Durante anos desejei ser actor devido às cenas de choro. Sim, sou tão lamechas quanto isso. Nunca a "suspension of misbelief" funcionou tão bem comigo como nas cenas em que um actor/actriz, em grande plano, deixava rolar uma lágrima por todo o rosto. Emocionava-me a história, a comoção da personagem, o caminho que a lágrima escolhia entre nervos e pele e que nenhum realizador alguma vez poderia encenar.
Só há poucos anos me falaram dos truques dos actores: o colírio, o fumo do cigarro para os olhos se irritarem, não pestanejar durante muito tempo, uma técnica muscular facial qualquer que só uns raros dominam. E estragaram-me a vida. Prejudicaram-me a escuridão sagrada das salas de cinema. Interromperam-me a "suspension" para me pôr a pensar.
Desaparece assim a maior percentagem da convicção que dedicava a interromper a minha vida, com prazer, para me imaginar na pele da personagem comovida.
Como um ilusionista alcoolizado que, por estar fora de si, partilhasse connosco o segredo dos seus truques - destruiu-se a magia.

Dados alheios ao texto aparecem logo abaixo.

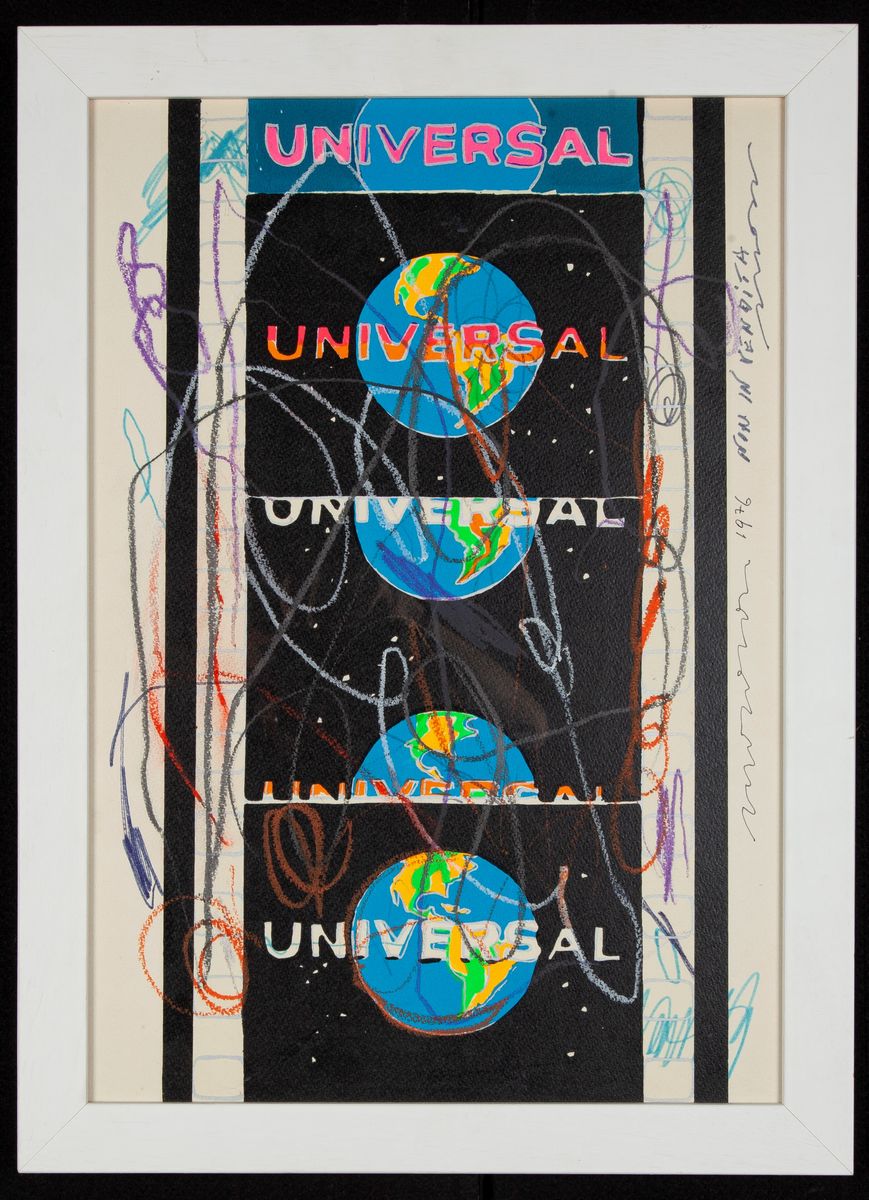 Enrico Manera - Universal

Resta-me apenas o caminho que as lágrimas inventadas para aquele momento continuam a percorrer de forma aleatória, a esperança de que existam actores ainda tão ingénuos quanto eu em relação aos truques supracitados, e uma cada vez menor percentagem de sonho. Uma bem menor vontade de vir algum dia a ser actor. E tenho pena. Consigo chorar.